Elke Erbs Poetics
ein sehr schöner Text über Gedichte von Martin Bernhardt, der sich am 24.10. 2000 mit 39 Jahren das Leben nahm. Schön auch, wie souverän Elke Erb von ihren eigenen Grundsätzen absehen (über sie hinweg sehen) kann. Und was sieht, wo sie hinsieht.
Martin Bernhardt Greifswald
NOTWEHR
Der Baum warf
als tödliche Kälte
in sein Geäst drang
seine Blätter auf die Erde
Hier nehmt …
Die Säfte blieben im Stamm
Retter des Lebens für
wärmere Zeit
(1978)
* * *
Je mehr ich die Zeit
nicht wandle
wandelt sie mich
So brechen wir auf
denn was wir alles
verloren ist wenig
das meiste hatten wir nie
Indem wir uns
tragbar werden
werden es nicht unsere Grenzen
Fürchtet euch nicht!
(1982)
Das ist ein Sinn-Spruch, Wahrspruch. Seine Ansprache ist leise, bescheiden, er berichtet. Sein letzter Vers möchte aufärichten. Er ergibt sich folgerichtig aus den anderen. Das So der vierten Zeile beginnt eine Schlußfolgerung aus dem Ultimatum der ersten 3, die folgenden 3 fügen sich, wie die ersten, still aneinander.

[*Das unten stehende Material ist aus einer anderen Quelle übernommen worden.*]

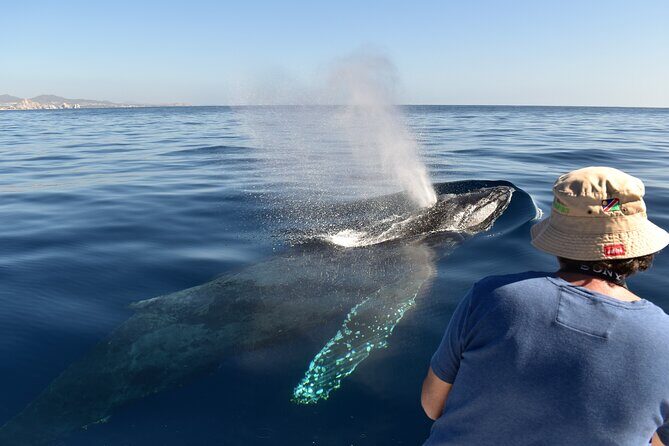 Cabo San Lucas Whale Watching Tour with Photos Included - The Group Size and Comfort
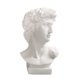 thumbnail image 5 of Jardinera De Estatua De Busto Decorativo De Maceta De Plantas De David De Mitología Griega, 5 of 5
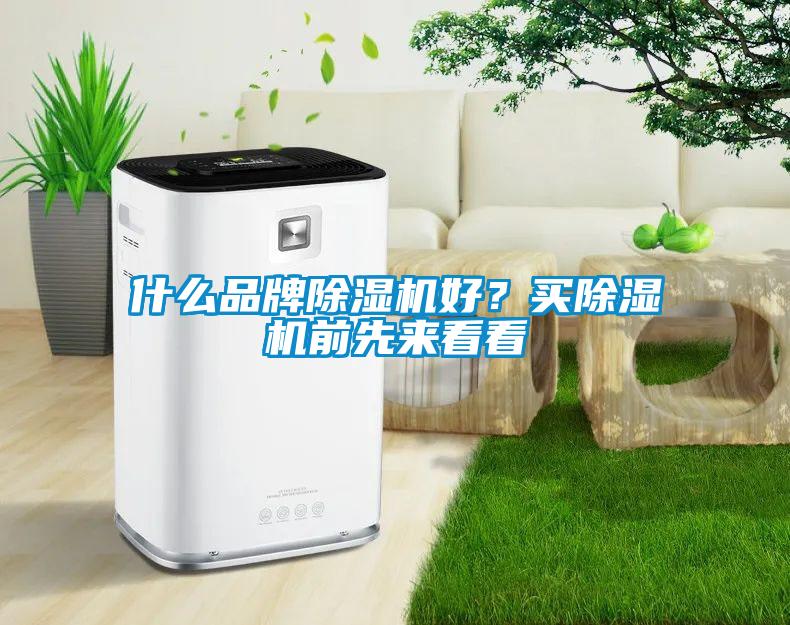 什么品牌除濕機好？買除濕機前先來看看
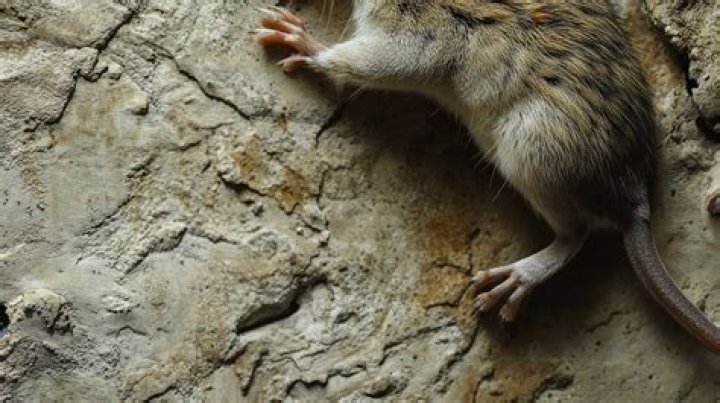 Can a mouse climb up a wall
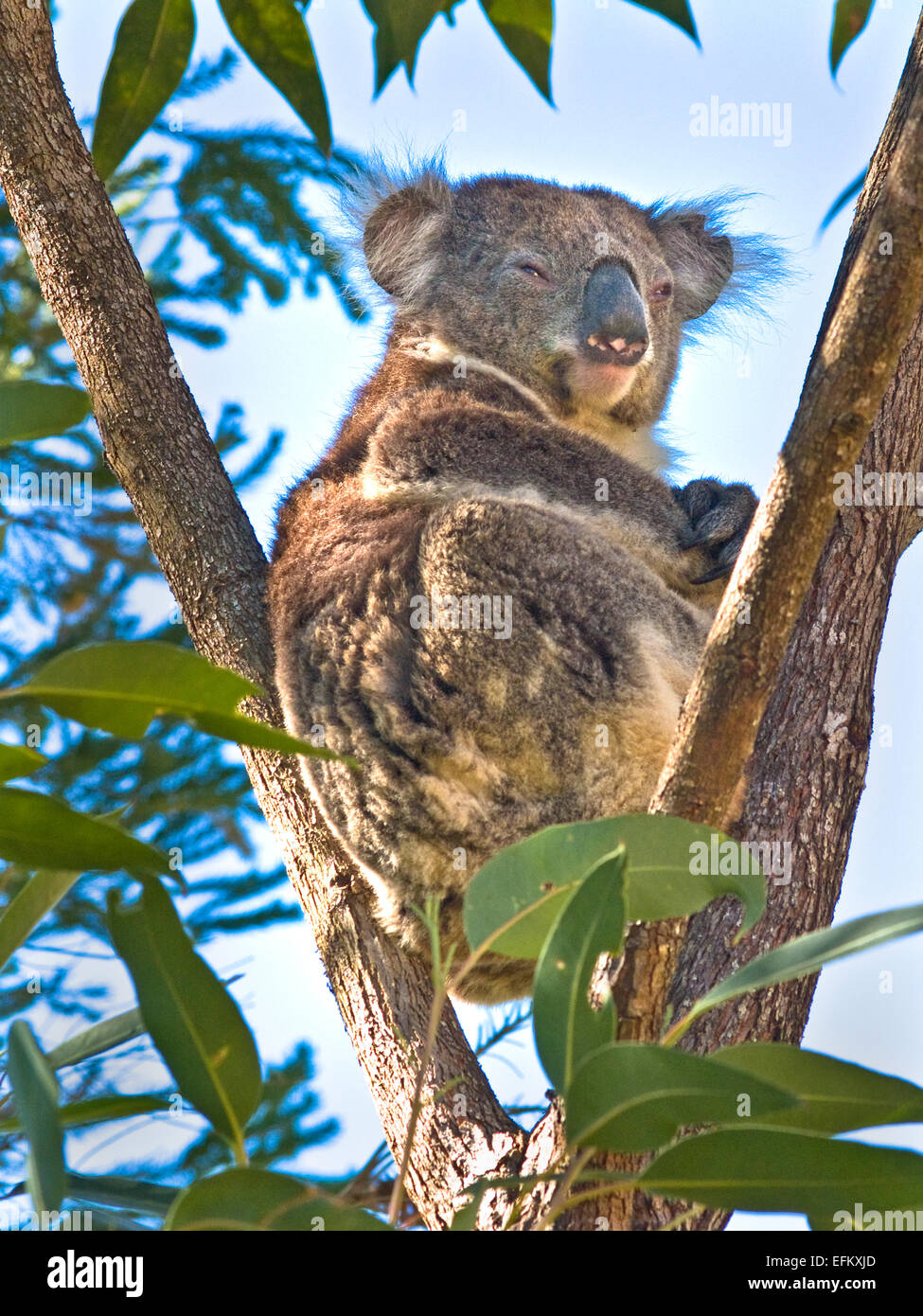 Australia: Koala (Phascolarctus cinereus) nella struttura ad albero Foto Stock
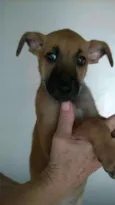 PICOLÉ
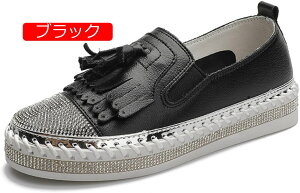 y20%OFFN[|`zfB[X fbLV[Y Xb| Ob^[ LL Vv   ^bZ Xb| Xj[J[Xb|  킢 ʊw fB[XC 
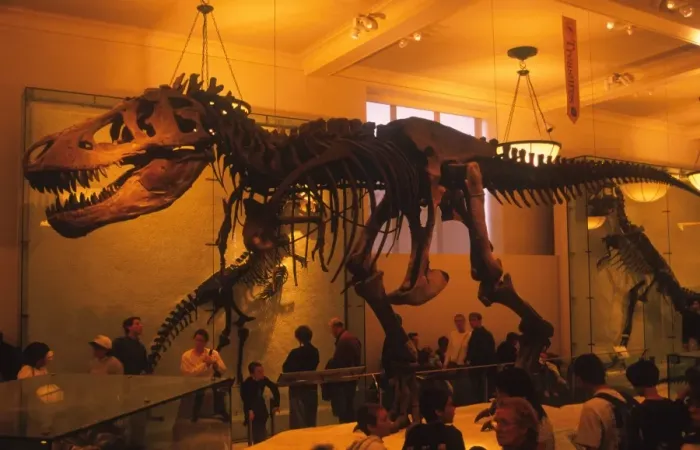 Framed Print : Tyrannosaurus Rex, recontructed fossil skeleton, American Museum of Natural History, New York, U. S. A Framed Print : Tyrannosaurus Rex, recontructed fossil skeleton, American Museum of Natural History, New York, U. S. A
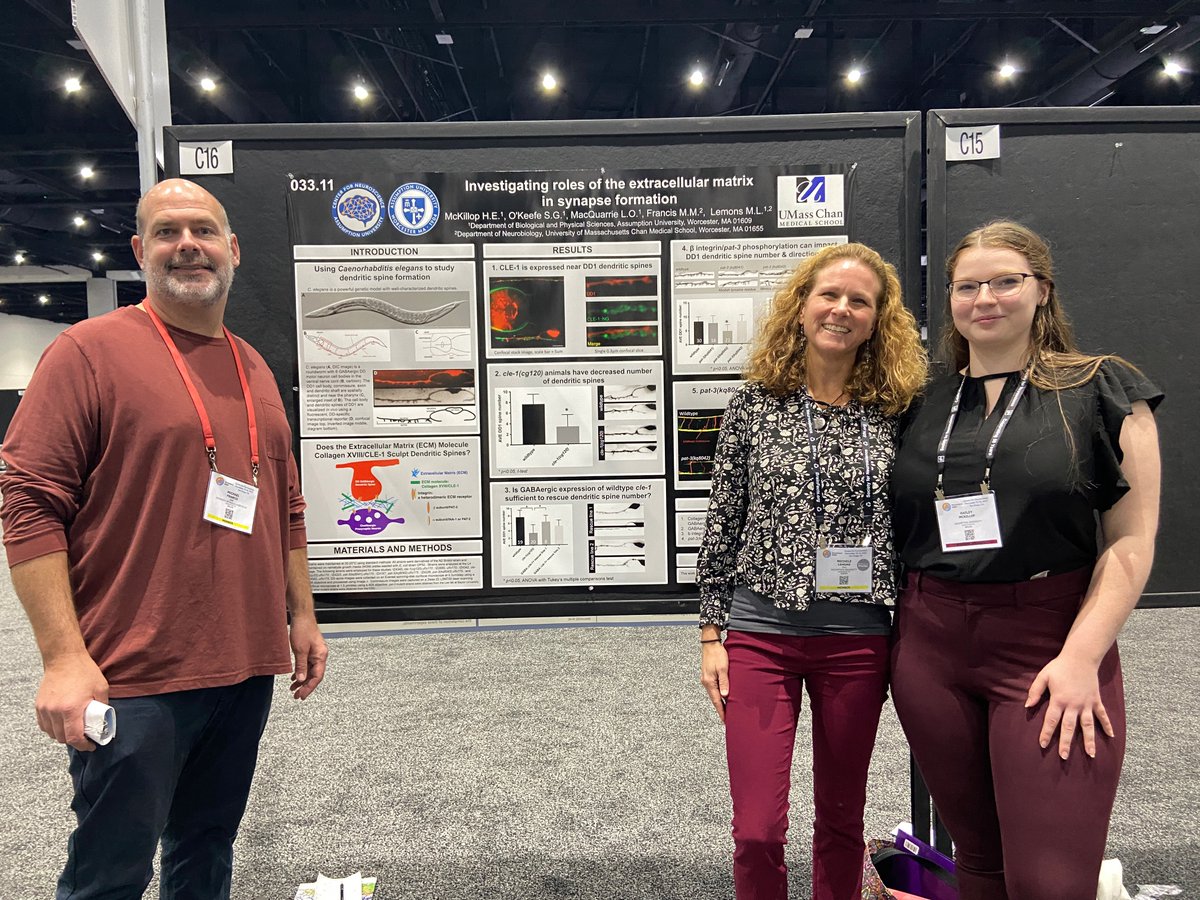 Michael Francis Lab (@francislab4) on Twitter photo We are thrilled that Hailey McKillop, an <a href="/AssumptionNeuro/">Neuroscience at Assumption University</a> student, represented both the <a href="/Mic_Lemon/">Michele Lemons</a> lab and our lab at <a href="/SfN_Events/">Society for Neuroscience Events</a> in San Diego! Amazing job! #SfN22 We are thrilled that Hailey McKillop, an <a href="/AssumptionNeuro/">Neuroscience at Assumption University</a> student, represented both the <a href="/Mic_Lemon/">Michele Lemons</a> lab and our lab at <a href="/SfN_Events/">Society for Neuroscience Events</a> in San Diego! Amazing job! #SfN22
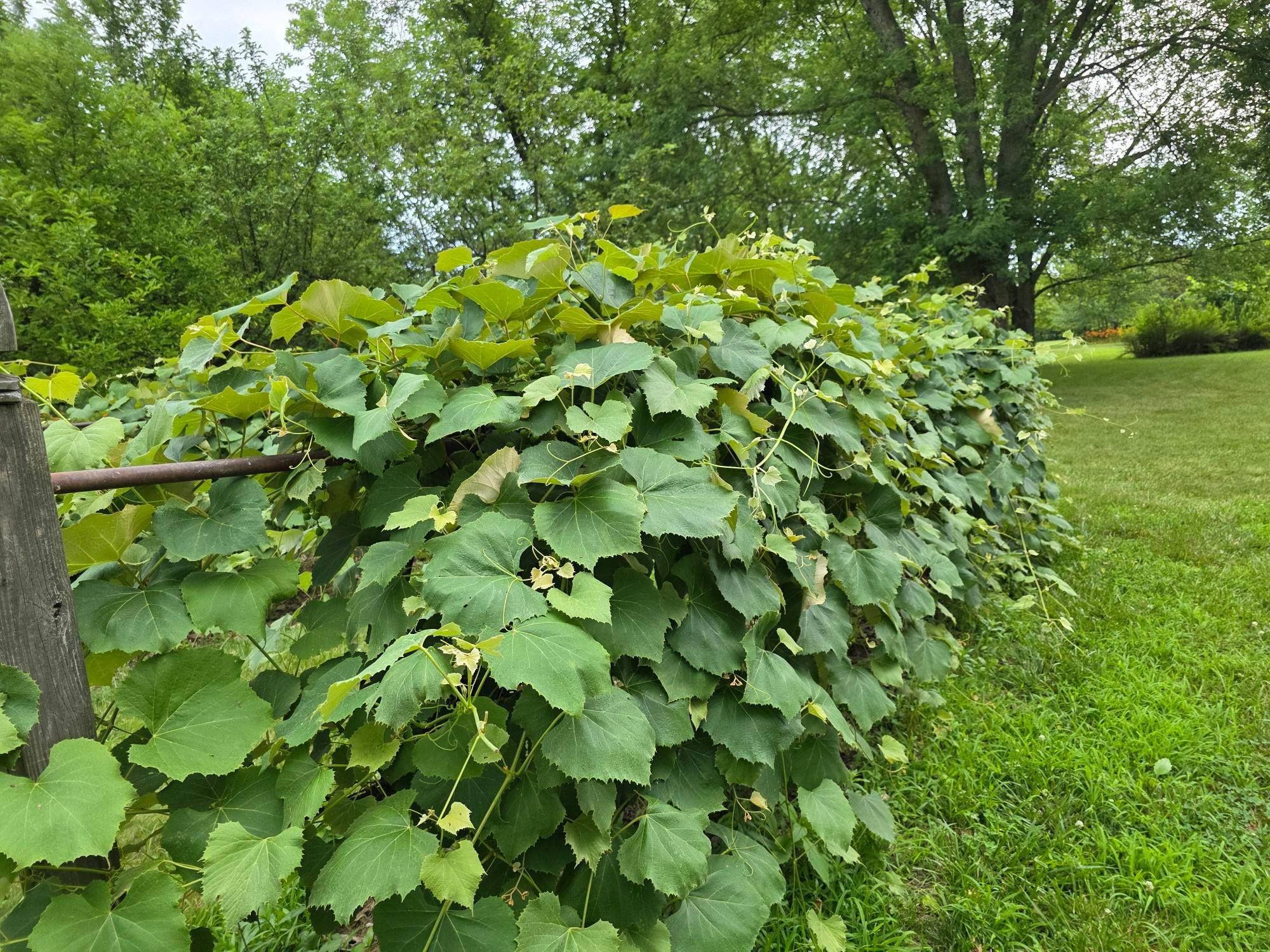 6280 Steitz Road Powell, OH 43065 - Photo 39 of 45 Grape Arbor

Weil die fünfte nicht selbständig steht, sprechen auch die beiden folgenden nicht selbständig, obwohl sie selbständig stehen könnten, sogar mit Ausrufezeichen:
Verloren ist wenig! – Das meiste hatten wir nie!
Für sich allein könnte auch Denn was wir alles selbständig stehn, nämlich abbrechend – der sie spricht, gäbe es auf, über das alles hinweg noch etwas zu erwägen. Und diese minimale Aufgabe wirkt auch hier nach dem Abbruch, so daß verloren ist wenig eben nicht mit Ausrufezeichen stehen kann.
Die nächsten 3 Zeilen sind klug, wenn gar auch schon weise. Sie setzen zurecht die Vers-ähnliche Unterbrechung als Pause für das Folgen und Besinnen ein.
Der erste Text (NOTWEHR)ist offenkundig nur ein Spruch, der zweite verlangt, etwas näher erörtert zu werden.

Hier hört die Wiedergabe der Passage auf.